PURPOSE: To investigate the oxylipin profiles in aqueous humor of primary open angle glaucoma (POAG) patients. METHODS: Aqueous humor samples were collected from 17 POAG patients and 15 cataract subjects and subjected to the liquid chromatography-mass spectrometry (LC-MS) analysis to detect the oxylipins. The prediction potential of the differential abundant oxylipins was assessed by the receiver operating characteristic (ROC) curves. Pathway and correlation analyses on the oxylipins and clinical and biochemical parameters were also conducted. RESULTS: The LC-MS analysis detected a total of 76 oxylipins, of which 29 oxylipins reached the detection limit. The multivariate analysis identified 5 differential abundant oxylipins, 15-keto-prostaglandin F2 alpha (15-kPGF2α), Leukotriene B4 (LTB4), 12,13-Epoxyoctadecenoic acid (12,13-Epome), 15-Hydroxyeicosatetraenoic acid (15-HETE) and 11-Hydroxyeicosatetraenoic acid (11-HETE). The 5 oxylipins are enriched in the arachidonic acid metabolism and linoleic acid metabolism pathways. Pearson correlation analysis showed that 11-HETE was positively correlated with intraocular pressure and central corneal thickness and negatively with cup/disk ratio in the POAG patients. In addition, 15-kPGF2α was positively correlated with visual field defect, and LTB4 was negatively correlated with macular thickness. CONCLUSIONS: This study revealed the oxylipin profile in the aqueous humor of POAG patients. Oxylipins involved in arachidonic acid metabolism pathway could play a role in POAG and anti-inflammatory therapies could be potential treatment strategies for POAG.

Keywords:

Subject: Biology and Life Sciences - Life Sciences

Introduction

Glaucoma is a leading cause of irreversible visual impairment and blindness, with 111.8 million individuals expected to be affected by 2040 [1]. Primary open angle glaucoma (POAG), a common subtype of glaucoma, is characterized by the elevated intraocular pressure (IOP), visual field (VF) defects and progressive loss of retinal ganglion cells (RGCs) [2,3]. Current POAG treatments limited to lowering IOP treatments [1,2]. However, a prospective cohort study [4] reported that 42 out of 179 eyes (23.5%) with well-controlled IOP exhibit continuously progressive visual field loss over a five-year follow-up period, suggesting that additional risk factors could be involved in the development of POAG.
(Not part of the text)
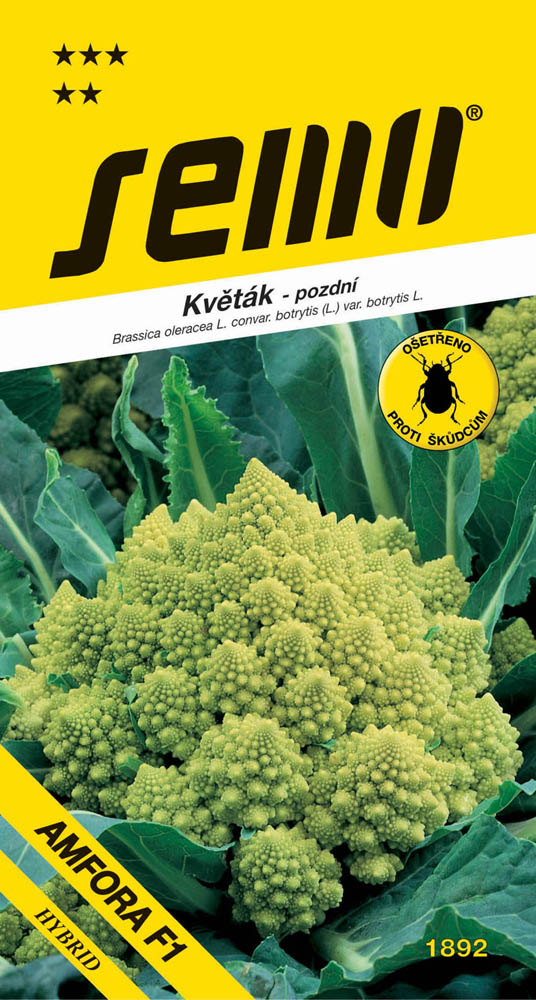 Osivo zeleniny - Květák letní Amfora F1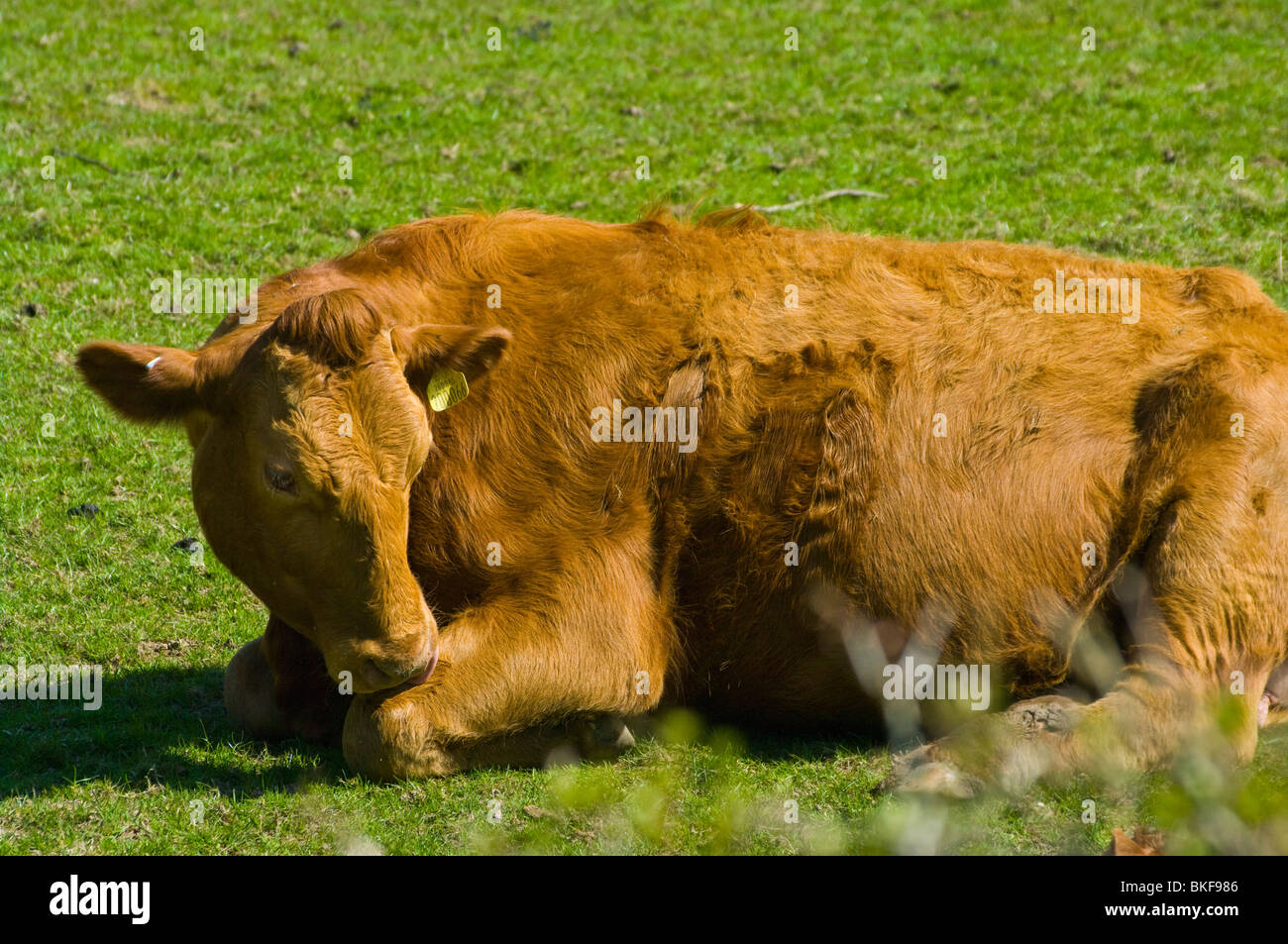 Cow laying down hires stock photography and images Alamy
Dysregulation in lipids has been implicated in the development of POAG [5,6]. We previously identified the association of the CAV1 and ABCA1 variants, the genes for lipid transfer, with POAG [7]. We found that the POAG patients have significantly higher plasma triglycerides but lower high density lipoprotein (HDL) cholesterol levels as compared to the cataract subjects. Moreover, we identified that the low density lipoprotein (LDL) subclass, LDL3, small dense LDL, and oxidized LDL(ox-LDL) were significantly higher in the POAG patients with elevated total cholesterol and/or LDL-cholesterol levels [8]. We also demonstrated that ox-LDL can promote the expression of pro-inflammatory cytokines and increased the levels of fatty acid and sphingomyelin metabolites in microglia and macrophages [8]. Critically, we recently revealed that multiple oxylipins, 15-keto-prostaglandin F2 alpha, 13,14-dihydro-15-keto-prostaglandin D2, 11-dehydro-thromboxane B2, 8,9-epoxyeicosatrienoic acid, and arachidonic acid are significantly decreased in the plasma samples of POAG patients [9].As aqueous humor is produced by the ciliary body epithelial cells and contributes to the establishment of IOP [10]. this further study aimed to determine the profiles of oxylipins in the aqueous humor samples of the POAG patients. The metabolic pathways, the correlation with clinical and biochemical parameters, and the prediction potential of the oxylipins were also evaluated.

Materials and Methods

Study Subjects

In total, 17 POAG patients and 15 cataract control subjects were enrolled. The study protocol has been approved by the Ethics Committee for Human Medical Research at the Joint Shantou International Eye Center of Shantou University and The Chinese University of Hong Kong, which is in accordance with the tenets of the Declaration of Helsinki. Written informed consent was obtained from all study subjects after explaining the nature and possible consequences of the study.

The inclusion criteria of the POAG subjects included IOP > 21 mmHg at diagnosis, open anterior chamber angle by gonioscopy, cup-to-disk (C/D) ratio > 0.5 or binocular C/D differences > 0.2. retinal nerve fibre layer (RNFL) thinning, and the visual field defects. The patients with secondary glaucoma and previous glaucoma surgery were not included in this study. The age and sex-matched senile cataract control subjects without glaucoma and other eye diseases were recruited.

The demographic data and the results of the blood test were retrived from the electronic medical records.The disease course, medication history, C/D ratio, and visual field defects of POAG patients are shown in Table 1 and Supplementary Table S1.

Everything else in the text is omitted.